When I see things like this, a paragraph from a New Yorker story on how the brain works, I can’t help but think of Taoism:
We assimilate information unconsciously all the time; at any given
moment, we process thousands of stimuli, of which we pay attention to
only a few. As you read this sentence, you may not be aware of the
birds singing in the back yard, but your brain has analyzed the sound
and concluded that it poses no threat to you. In the past several
decades, scientists have uncovered particularly dramatic examples of
unconscious processing. In the early seventies, researchers at M.I.T.
studied four patients who had experienced trauma to an area of the
brain involved in vision and had been found to have a condition that
was later called “blindsight.” These patients’ eyes functioned
normally, but they did not perceive much of what was in their field of
vision. When the researchers flashed a light at the patients and asked
them to describe what they saw, the patients reported that they had
seen nothing. Yet the researchers noticed that their eyes often located
the source of the light. In a second experiment, a blindsight patient
was shown pictures of faces displaying happiness, sadness, anger, and
fear. The patient said that he could not see the faces, yet he was
frequently able to correctly identify the emotions…
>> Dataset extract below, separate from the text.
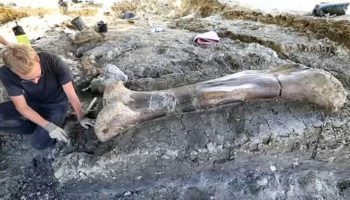 Picture 10 Archaeological Discoveries from Recent Years that Will Leave You Amazed
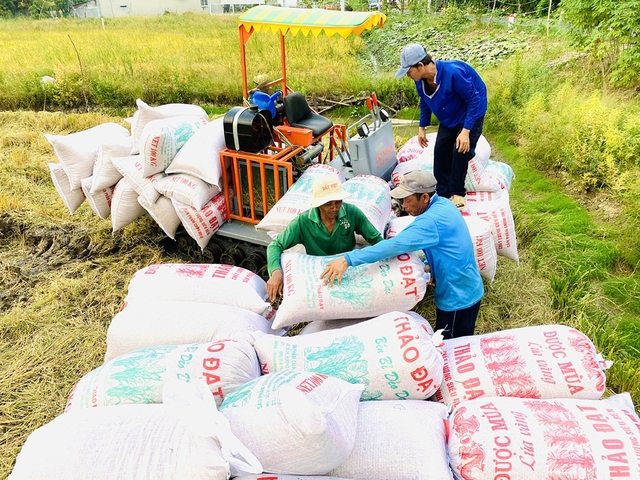 Giá gạo Việt vượt đỉnh lịch sử - Ảnh 1.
Our brains can take in and process information unconsciously. This could lead to the conclusion that our conscious knowledge or understanding is not all that we "know". Indeed, in order to open ourselves fully to our perception and interaction with the world around us, we must accept our unconscious, find a way of attuning ourselves to it without recourse to our consciousness. Maybe this is what the Tao Te Ching means when it says: "give up learning and troubles end." Or, give up exclusive reliance on conscious rationality and you will expand your knowledge. We can see without seeing. (OK, that is not all that that line can mean, but the new neurology gives that line a new dimension…
And you just have to love the name the neurologists gave to this unconscious capacity: Blindsight. Sounds like a character out of Chuang Tzu!